---------- INPUT DATA

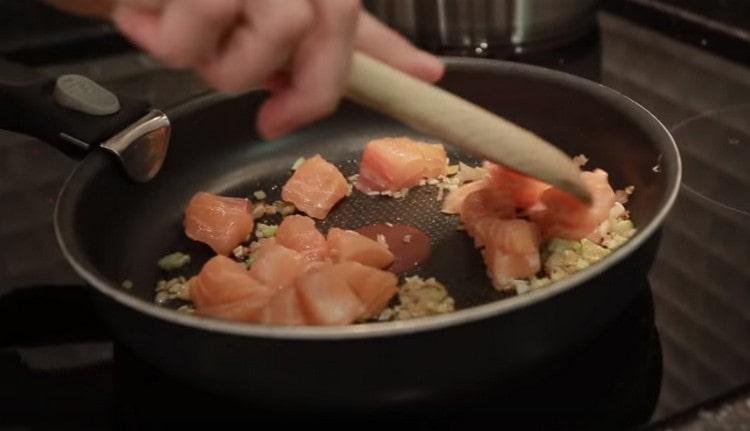 Společně s nasekaným česnekem rozprostřete losos na pánvi na cibuli.
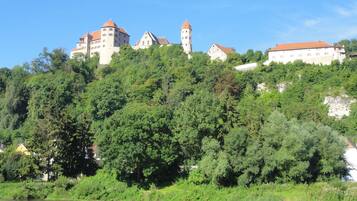 A castle on a hill with a river in the foreground.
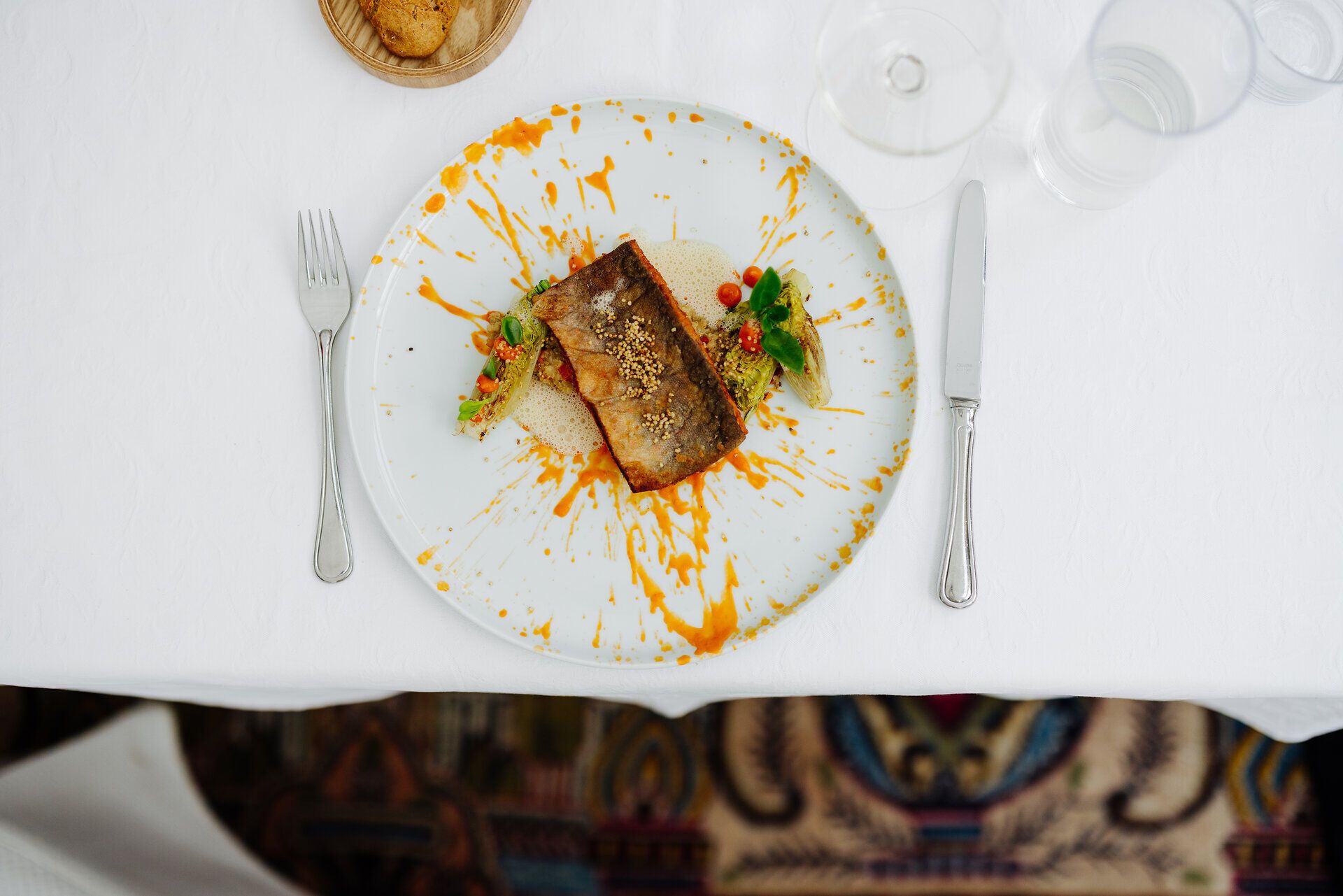 Ein köstlicher gebratener Alpenlachs, kunstvoll angerichtet auf einem Bett aus Quinoa, verspricht ein unvergessliches Geschmackserlebnis. Die leuchtenden Farben der Sauce und frischen Kräuter verleihen dem Gericht eine einladende Note, die zum Genießen einlädt. Hier in der malerischen Umgebung wird jede Mahlzeit zu einem Fest für die Sinne.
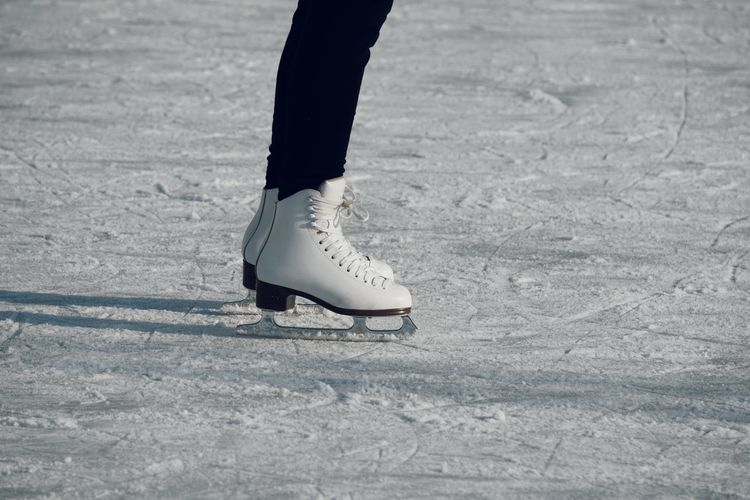 Low section of person ice skating in snow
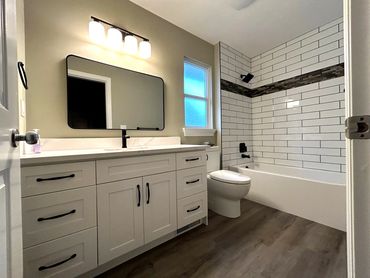 Modern bathroom with white cabinetry and tiled bathtub surround.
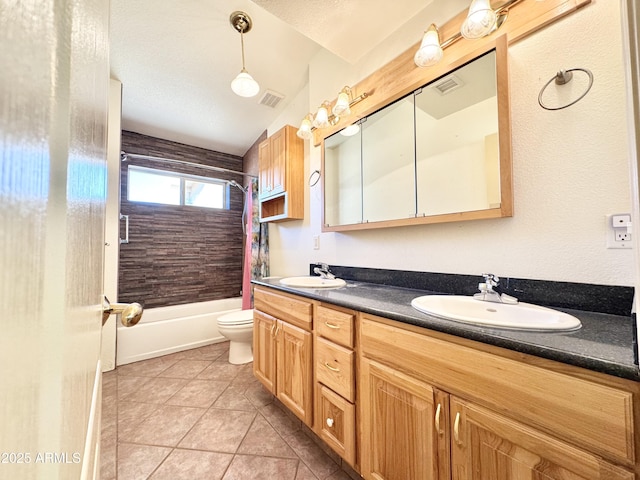 full bathroom featuring double vanity, shower / bath combo, tile patterned floors, and a sink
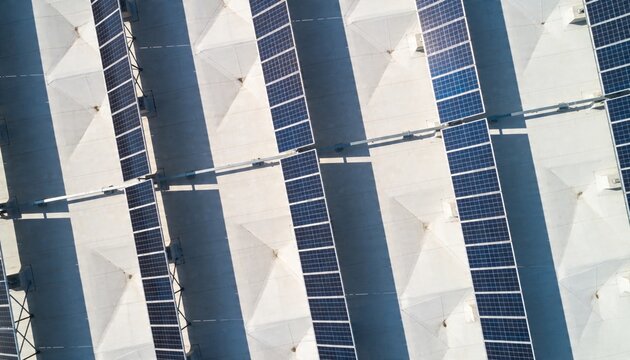 Aerial View of Solar Panels on Roofs from Drone Perspective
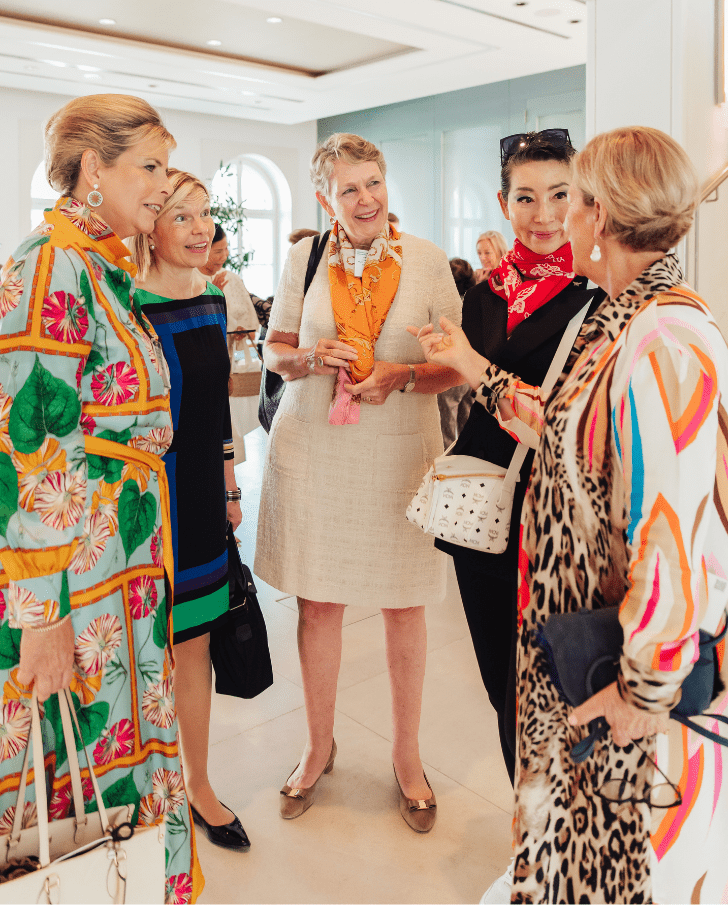 4 A group of five stylish women engaged in conversation at a social event, showcasing vibrant fashion choices and accessories, set in a bright and elegant interior.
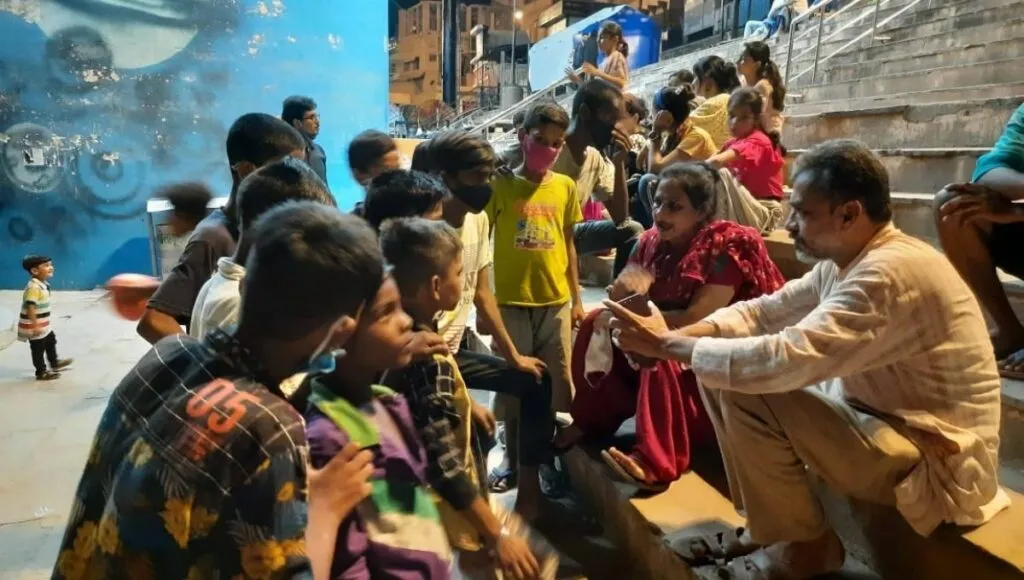 Chandra Mishra with beggars in Varanasi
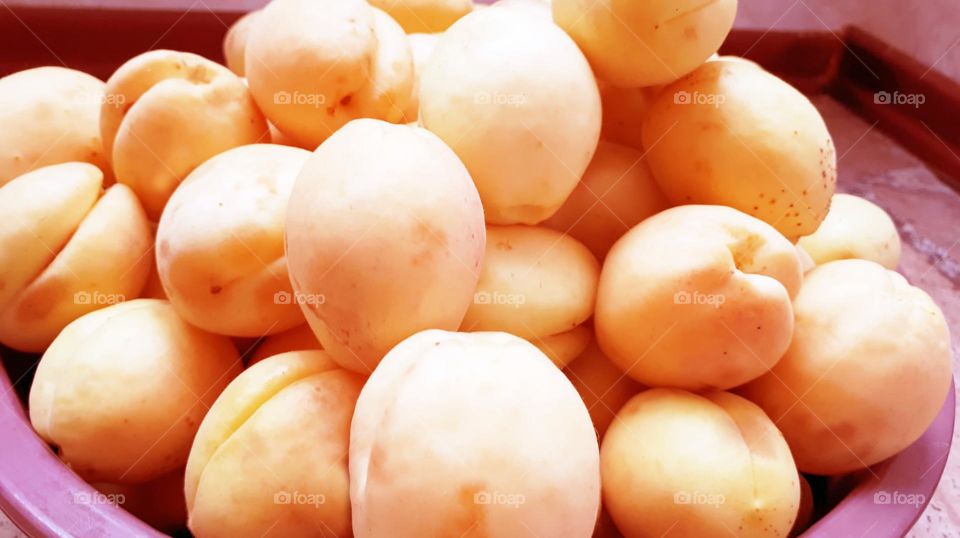Large yellowish beautiful apricots in a bowl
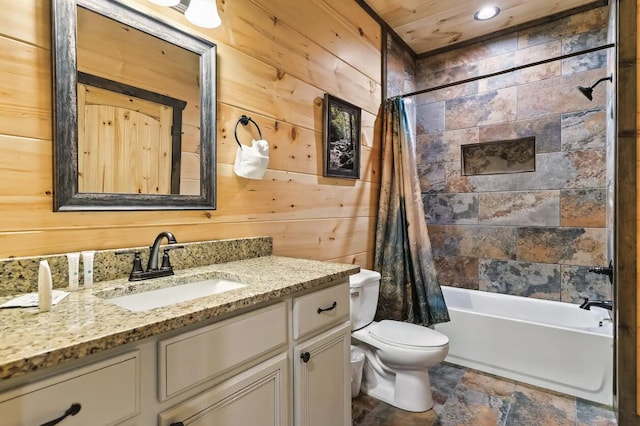 full bathroom featuring vanity, shower / bath combo, wooden walls, toilet, and wood ceiling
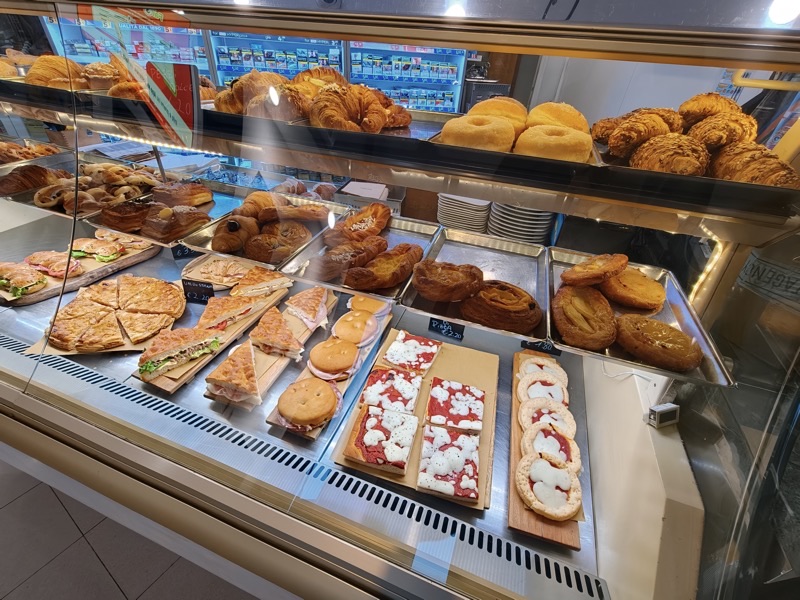 La vetrina della pasticceria di Caffellatte con cornetti, focacce farcite e dolci freschi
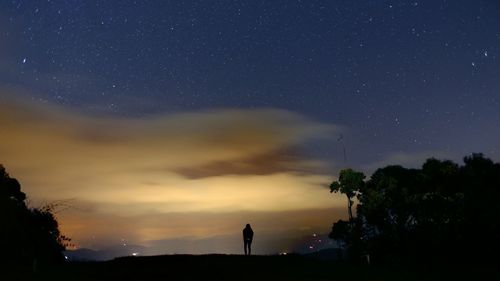 Silhouette of person against star field at night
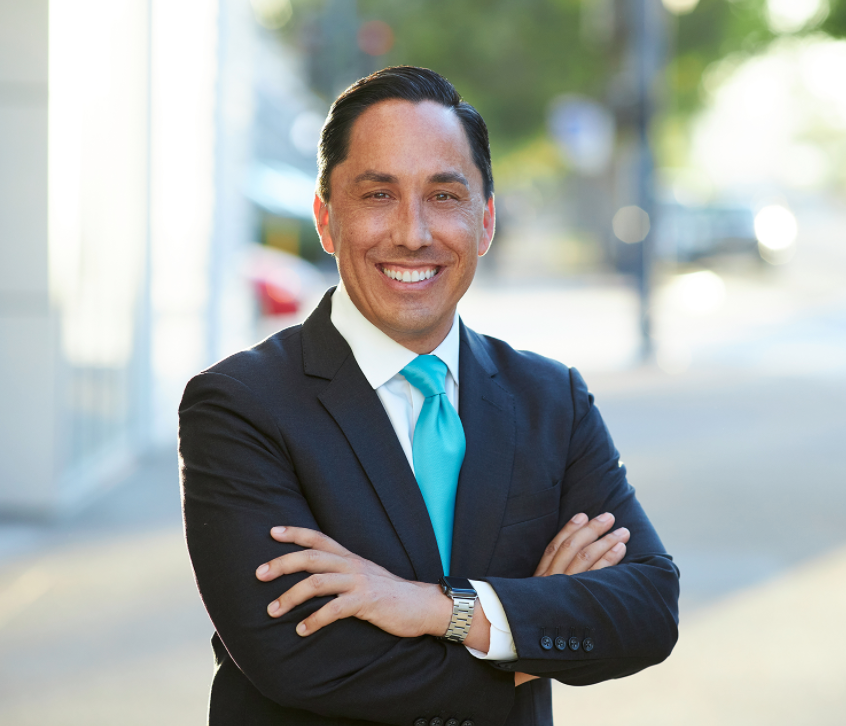 Todd Gloria wearing a dark suit with a Turquoise-colored tie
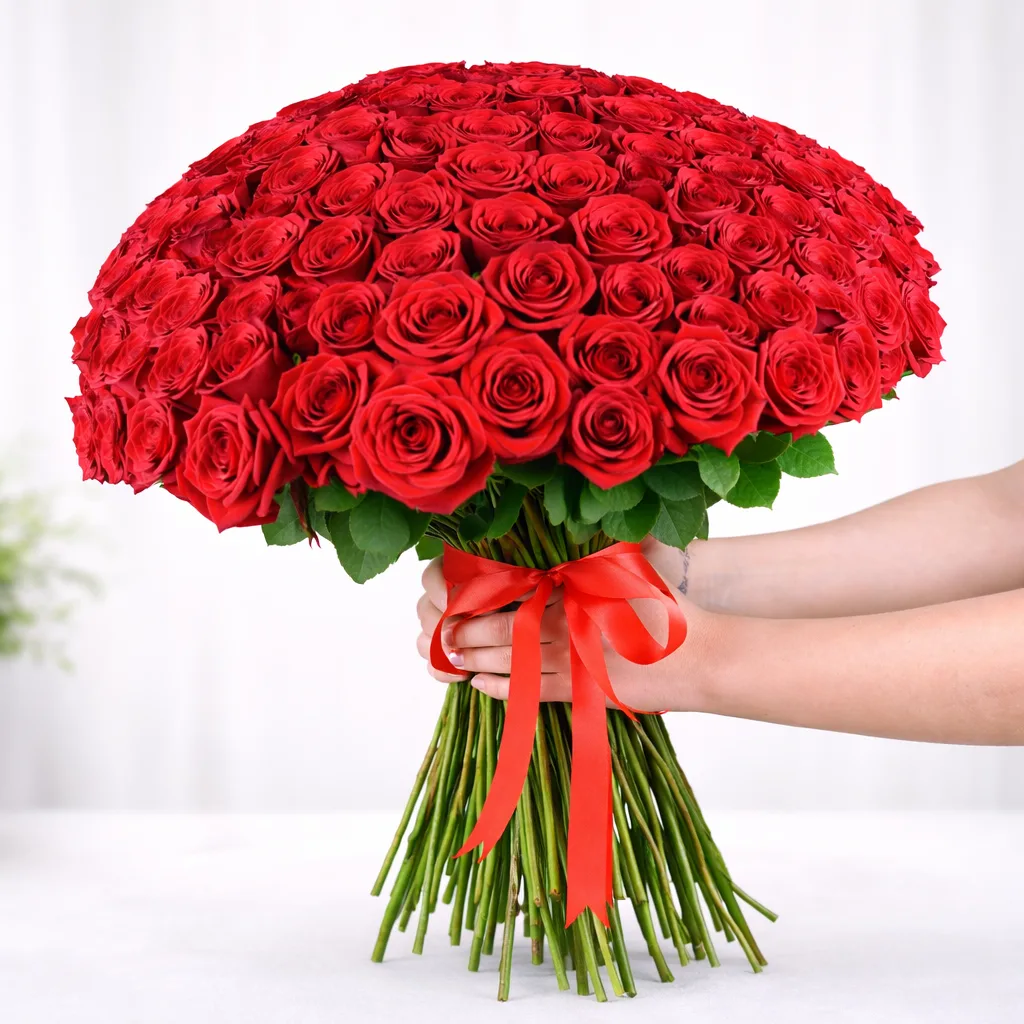 Close-up large round red rose bouquet tied with ribbon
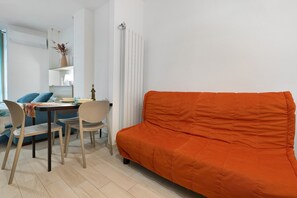 Un espace de vie comprenant un canapé, des fauteuils, une table et un radiateur.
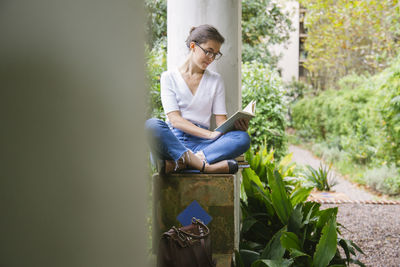 Young woman sitting on seat against plants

--------------------

With the pictures removed from your copy, retype the lines above from the one that contains "Aerial View of" through the one that contains "full bathroom featuring vanity, shower", exactly.

 Aerial View of Solar Panels on Roofs from Drone Perspective
 4 A group of five stylish women engaged in conversation at a social event, showcasing vibrant fashion choices and accessories, set in a bright and elegant interior.
 Chandra Mishra with beggars in Varanasi
Large yellowish beautiful apricots in a bowl
 full bathroom featuring vanity, shower / bath combo, wooden walls, toilet, and wood ceiling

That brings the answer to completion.